In Kooperation mit der Friedrich-Alexander Universität Erlangen

Abstract

The importance of Linux in industry increases continuously with the ascending variety of products running Linux based software. Use cases are not only limited to consumer applications but also high-performance computer and business-critical control technology. The usage of software in critical application requires a certification (e.g. IEC 61508), which demands the documentation of and the compliance with the software development process. As a result, the analysis of the Linux kernel development process becomes equally more valuable. The Linux kernel development process is well understood, documented, and researched. However, some actions of contributors or maintainers do not comply with the process. One of these actions is ignoring patches. Ignoring a patch means that the patch is neither answered nor accepted by the developers. There is no analysis of this phenomenon yet.
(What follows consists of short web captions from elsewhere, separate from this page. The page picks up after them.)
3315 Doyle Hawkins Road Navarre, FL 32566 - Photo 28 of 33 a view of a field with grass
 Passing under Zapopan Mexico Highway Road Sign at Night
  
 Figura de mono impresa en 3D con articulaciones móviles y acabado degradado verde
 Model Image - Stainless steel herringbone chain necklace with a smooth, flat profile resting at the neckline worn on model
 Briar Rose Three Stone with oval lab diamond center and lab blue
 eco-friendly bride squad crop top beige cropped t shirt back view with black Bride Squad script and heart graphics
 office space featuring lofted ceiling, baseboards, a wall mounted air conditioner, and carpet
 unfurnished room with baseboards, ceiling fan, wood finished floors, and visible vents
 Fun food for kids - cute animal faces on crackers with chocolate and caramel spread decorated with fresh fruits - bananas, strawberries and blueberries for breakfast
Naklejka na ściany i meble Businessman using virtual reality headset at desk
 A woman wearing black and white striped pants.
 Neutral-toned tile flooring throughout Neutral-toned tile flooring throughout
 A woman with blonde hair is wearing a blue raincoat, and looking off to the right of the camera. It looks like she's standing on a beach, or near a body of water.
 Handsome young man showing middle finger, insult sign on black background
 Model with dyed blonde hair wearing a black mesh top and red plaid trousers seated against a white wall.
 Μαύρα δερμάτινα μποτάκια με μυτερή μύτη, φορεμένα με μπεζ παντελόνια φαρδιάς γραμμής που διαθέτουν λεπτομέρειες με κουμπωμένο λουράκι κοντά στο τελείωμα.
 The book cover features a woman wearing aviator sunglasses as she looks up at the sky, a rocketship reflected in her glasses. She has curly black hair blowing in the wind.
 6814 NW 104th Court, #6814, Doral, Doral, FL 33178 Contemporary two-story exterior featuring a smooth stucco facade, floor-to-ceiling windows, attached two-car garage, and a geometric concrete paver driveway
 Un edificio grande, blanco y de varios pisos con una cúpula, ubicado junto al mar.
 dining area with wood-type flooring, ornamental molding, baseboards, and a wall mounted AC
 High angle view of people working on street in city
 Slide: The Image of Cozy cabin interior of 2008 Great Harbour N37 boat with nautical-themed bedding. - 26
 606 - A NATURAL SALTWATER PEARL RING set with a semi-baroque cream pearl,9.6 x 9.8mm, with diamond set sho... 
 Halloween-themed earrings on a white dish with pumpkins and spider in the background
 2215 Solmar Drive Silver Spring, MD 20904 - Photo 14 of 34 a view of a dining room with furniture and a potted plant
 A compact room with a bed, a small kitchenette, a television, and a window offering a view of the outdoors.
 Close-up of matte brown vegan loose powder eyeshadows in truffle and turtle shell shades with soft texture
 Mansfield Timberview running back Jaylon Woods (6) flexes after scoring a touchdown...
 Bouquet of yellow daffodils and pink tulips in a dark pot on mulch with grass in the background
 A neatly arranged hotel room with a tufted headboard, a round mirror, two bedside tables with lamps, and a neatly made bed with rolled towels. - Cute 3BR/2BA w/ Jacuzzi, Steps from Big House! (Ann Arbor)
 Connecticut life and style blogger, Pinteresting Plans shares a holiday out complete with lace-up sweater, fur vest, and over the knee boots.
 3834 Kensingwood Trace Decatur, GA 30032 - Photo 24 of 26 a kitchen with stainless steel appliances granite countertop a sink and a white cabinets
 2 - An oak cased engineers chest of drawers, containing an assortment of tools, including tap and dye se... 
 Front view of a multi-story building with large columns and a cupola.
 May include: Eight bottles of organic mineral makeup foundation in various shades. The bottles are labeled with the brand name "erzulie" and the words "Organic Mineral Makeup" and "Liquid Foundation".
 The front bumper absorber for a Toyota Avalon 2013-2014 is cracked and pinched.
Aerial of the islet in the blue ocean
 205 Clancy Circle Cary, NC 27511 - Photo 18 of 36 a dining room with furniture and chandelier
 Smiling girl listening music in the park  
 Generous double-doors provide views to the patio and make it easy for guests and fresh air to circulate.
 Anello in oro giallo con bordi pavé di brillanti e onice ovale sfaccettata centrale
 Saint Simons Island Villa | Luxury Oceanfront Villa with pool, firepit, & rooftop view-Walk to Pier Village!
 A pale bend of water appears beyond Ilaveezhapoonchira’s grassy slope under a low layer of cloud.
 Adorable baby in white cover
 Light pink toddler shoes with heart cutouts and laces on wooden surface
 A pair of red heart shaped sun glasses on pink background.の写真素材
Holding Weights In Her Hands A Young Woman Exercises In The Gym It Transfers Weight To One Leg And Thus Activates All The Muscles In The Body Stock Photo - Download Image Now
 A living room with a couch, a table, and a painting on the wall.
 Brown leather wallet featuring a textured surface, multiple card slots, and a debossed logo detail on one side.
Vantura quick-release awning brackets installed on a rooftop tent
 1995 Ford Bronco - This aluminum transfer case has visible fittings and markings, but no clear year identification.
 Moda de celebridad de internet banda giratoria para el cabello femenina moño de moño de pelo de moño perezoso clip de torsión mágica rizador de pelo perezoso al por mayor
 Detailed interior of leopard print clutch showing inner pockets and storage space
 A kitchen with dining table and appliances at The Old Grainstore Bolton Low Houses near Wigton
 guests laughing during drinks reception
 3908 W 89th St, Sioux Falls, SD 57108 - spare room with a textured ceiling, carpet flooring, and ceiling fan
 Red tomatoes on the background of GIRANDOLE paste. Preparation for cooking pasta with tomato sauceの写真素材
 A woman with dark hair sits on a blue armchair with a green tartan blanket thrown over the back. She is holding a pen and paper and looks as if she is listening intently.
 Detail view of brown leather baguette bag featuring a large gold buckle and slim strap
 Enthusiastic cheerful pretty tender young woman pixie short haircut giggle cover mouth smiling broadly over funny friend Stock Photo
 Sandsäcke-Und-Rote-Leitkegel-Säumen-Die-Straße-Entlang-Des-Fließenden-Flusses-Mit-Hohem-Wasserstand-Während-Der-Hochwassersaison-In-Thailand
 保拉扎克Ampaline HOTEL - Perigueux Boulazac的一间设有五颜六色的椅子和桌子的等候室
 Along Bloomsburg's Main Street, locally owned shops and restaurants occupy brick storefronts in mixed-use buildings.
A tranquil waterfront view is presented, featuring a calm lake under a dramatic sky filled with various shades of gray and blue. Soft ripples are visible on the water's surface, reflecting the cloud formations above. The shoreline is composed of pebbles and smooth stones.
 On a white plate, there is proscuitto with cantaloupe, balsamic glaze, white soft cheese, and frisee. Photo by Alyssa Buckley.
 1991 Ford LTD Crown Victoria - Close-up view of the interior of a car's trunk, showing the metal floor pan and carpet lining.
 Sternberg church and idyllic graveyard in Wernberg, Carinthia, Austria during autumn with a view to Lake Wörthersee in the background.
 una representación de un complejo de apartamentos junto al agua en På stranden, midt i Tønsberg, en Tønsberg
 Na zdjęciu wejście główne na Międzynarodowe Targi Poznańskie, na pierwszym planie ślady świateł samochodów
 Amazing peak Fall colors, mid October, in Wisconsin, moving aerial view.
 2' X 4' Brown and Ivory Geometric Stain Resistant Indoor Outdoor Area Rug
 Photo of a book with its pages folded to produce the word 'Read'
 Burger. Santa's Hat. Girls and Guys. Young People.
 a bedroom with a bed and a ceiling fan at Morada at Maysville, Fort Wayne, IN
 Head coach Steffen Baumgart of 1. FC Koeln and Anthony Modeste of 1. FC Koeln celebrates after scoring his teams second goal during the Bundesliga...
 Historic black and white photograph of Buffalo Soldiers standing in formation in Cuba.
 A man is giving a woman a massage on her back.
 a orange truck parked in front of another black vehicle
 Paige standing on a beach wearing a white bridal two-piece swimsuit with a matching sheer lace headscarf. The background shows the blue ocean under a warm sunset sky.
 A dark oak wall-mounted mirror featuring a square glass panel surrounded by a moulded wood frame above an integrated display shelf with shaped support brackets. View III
In this thesis, we conducted statistical analyses of the ignored patch phenomenon to answer our research questions. In the analyzed time frame (release v3.0 to v4.20), 18k of 792k patches (2.3%) were ignored. The ratio of ignored patches decreased over time. We detected two clusters (minor contributions, and automatically created patches) of patches that make up most of the ignored patches. There were no other statistically significant abnormalities of the ignored patches. Based on the analyses, we were able to show that there are indicators of discrimination against certain groups. We further recognized the trend that larger subsystems and lists are ignoring relatively fewer patches. To conduct the analyses, we created a dataset of the patches sent to the Linux kernel. We published the dataset for further analyses. The dataset is extracted from the available mailing lists and Torvalds’ git repository. We conducted spot tests to validate the correctness and integrity of our dataset. There is a small volume spot test for trivial measurements like the size of a patch. Besides, there is a high volume spot test to test our developed is-ignored metric.